The "editor's choice" seems to have had a significant effect on the results. I think part of the problem here is the extremely long period (in computer terms) between benchmark refreshes. It's been 3 or 4 years since TB3 was put together, and SR have been benchmarking new drives, that have likely been tuned to perform for today's applications, on benchmarks based on older applications.
Having said that, for that possible explanation to ring true, you'd want to see newer drives benefitting under TB4 and the reverse for older drives. This doesn't seem to be the case.
So it starts to seem a case of whether the drives have been tuned better or worse for the particular applications used in a benchmark. This would explain why other review sites provide end results that aren't always consistent with SR's results. While most other review sites don't use a testing methodology that matches SR's, many of them are still done well enough that their results are valid, while possibly contradictory to SR's. It seems to me that to provide the most applicable, general use benchmarks, you need to use as large an application set as possible. SR have always said that the one point they would consider conceding as inaccurate in their methodology is the applications used (my wording) - perhaps there was more to this than we previously expected?

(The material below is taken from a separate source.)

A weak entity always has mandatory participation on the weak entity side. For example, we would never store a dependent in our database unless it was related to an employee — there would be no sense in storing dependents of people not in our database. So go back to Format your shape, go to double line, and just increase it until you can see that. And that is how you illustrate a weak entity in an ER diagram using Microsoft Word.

The DriveMarks have been designed as a way to measure the performance of the drives in 'real world' usage, but in isolation from all other factors. It's never been implied that a drive that's twice as fast in one of these benchmarks will result in the entire system running twice as fast. If a trace is taken of activity that only has disk activity during 20% of that time period, a drive that plays back that trace twice as fast obviously doesn't make any difference to the other 80% of that time period.
What might be interesting, along those lines, is the overall time elapsed during the trace captures. And in addition to that, the time it takes to play back the trace. This would help put the benchmarks in to proper context. The DriveMark numbers are derived by simply dividing the total number of IOs in a trace by the number of seconds it takes to play back the trace, so the information is probably available, just not published. Eugene?